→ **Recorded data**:
####################
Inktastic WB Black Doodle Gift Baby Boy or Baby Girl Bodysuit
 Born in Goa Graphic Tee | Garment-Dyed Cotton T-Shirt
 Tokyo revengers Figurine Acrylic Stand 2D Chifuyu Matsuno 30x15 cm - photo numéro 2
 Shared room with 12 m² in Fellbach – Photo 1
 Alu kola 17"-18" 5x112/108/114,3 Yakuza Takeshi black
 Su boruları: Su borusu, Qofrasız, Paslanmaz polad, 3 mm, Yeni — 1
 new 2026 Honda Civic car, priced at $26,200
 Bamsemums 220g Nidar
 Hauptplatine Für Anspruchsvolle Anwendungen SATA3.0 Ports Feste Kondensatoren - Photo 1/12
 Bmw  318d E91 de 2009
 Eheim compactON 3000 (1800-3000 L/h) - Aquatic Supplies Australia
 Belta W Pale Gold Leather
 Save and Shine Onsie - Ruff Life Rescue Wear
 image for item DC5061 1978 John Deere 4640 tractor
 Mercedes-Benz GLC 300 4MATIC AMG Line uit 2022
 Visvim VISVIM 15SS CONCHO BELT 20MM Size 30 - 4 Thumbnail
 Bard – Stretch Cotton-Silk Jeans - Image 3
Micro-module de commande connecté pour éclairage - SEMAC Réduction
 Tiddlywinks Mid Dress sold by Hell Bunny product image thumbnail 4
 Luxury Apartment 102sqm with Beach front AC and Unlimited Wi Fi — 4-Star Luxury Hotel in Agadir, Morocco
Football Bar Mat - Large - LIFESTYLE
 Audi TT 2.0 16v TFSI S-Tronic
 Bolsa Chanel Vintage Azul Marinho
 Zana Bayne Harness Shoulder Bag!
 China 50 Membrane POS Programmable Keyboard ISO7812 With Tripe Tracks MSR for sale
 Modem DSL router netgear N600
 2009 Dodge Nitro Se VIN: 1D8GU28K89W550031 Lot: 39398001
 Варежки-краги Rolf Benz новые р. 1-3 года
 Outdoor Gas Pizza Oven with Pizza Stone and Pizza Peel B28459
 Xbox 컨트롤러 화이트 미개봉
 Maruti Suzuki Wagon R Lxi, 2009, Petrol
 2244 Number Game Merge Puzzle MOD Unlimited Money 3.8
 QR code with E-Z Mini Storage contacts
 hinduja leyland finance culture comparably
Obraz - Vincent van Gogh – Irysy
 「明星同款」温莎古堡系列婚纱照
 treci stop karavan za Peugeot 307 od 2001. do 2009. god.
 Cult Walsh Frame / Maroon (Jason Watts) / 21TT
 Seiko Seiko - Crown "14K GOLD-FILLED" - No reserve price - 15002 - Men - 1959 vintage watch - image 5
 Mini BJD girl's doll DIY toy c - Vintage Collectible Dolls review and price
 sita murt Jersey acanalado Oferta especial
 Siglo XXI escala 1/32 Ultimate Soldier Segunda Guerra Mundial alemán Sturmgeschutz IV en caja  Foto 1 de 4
####################
→ **WORK ORDER**: Exactly one number is wanted in reply: the count of lines above that hold the string "Benz".

→ **OUTPUT FOR THIS TASK**: 2